Now that you know where the truss rod bolt is at, what tool to use and what direction to turn, there are a few things you should look out for while you’re making adjustments to ensure you don’t overdo it and break your guitar. First, take a look at your guitars neck. Try and put it near a perfectly flat wall or surface. Usually, the neck might have too much relief and the neck will arch slightly in on itself or away from you. If the neck has too much tension and needs some relief, it will look like a bow, with the neck arching towards you (assuming you are wearing your guitar and not looking at it). If for some reason the neck is straight but you are having problems with the action still, then you’re in luck because it’s not the neck or truss rod at all and all you need is to adjust the bridge! Also, it should be said, if you’re neck is arched too much in the bow position there might be a chance it can’t be fixed so take it to a guitar tech to make sure. Most of the time, it’s in the relief position and simply needs some tightening.
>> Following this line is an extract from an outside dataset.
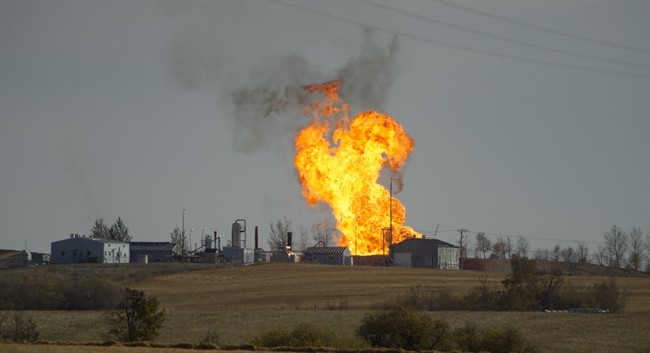 Remaining gas is burned off after explosion and fire at a gas pumping station owned by TransGas near Prud'homme, Sask., Saturday, October 11, 2014.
Alright, assuming you’re neck needs some tightening (which is the almost always the case for warped guitars) and you have all the right tools ready, start by turning the bolt about an eighth of the way. If it turns pretty easily, then keep on adjusting in slight increments while checking the neck and frets. By the time the neck is straight, you should have felt plenty of tension while turning the bolt but not so much that you have to force it to turn. If at any time the guitar begins to creak or it the bolt requires a significant amount of force in order to turn, it is best to leave it alone. If by then the guitar neck is still slightly bent, it is best to take it to a guitar tech. Forcing the bolt on a truss rod will give you an unwanted pop which pretty much means you need an entirely new neck.


So if I’m not sure What I’m Doing, Take it to a Music Shop?

Although it is technically not hard at all to adjust the truss rod, it’s even easier to break your guitar, so unless you are absolutely confident in your ability, the amount charged for adjusting a truss rod is change compared to buying a new neck or guitar. Half the battle is realizing you need an adjustment, so if you can figure out that much, my job here is done and you might have spared yourself having to buy a new guitar!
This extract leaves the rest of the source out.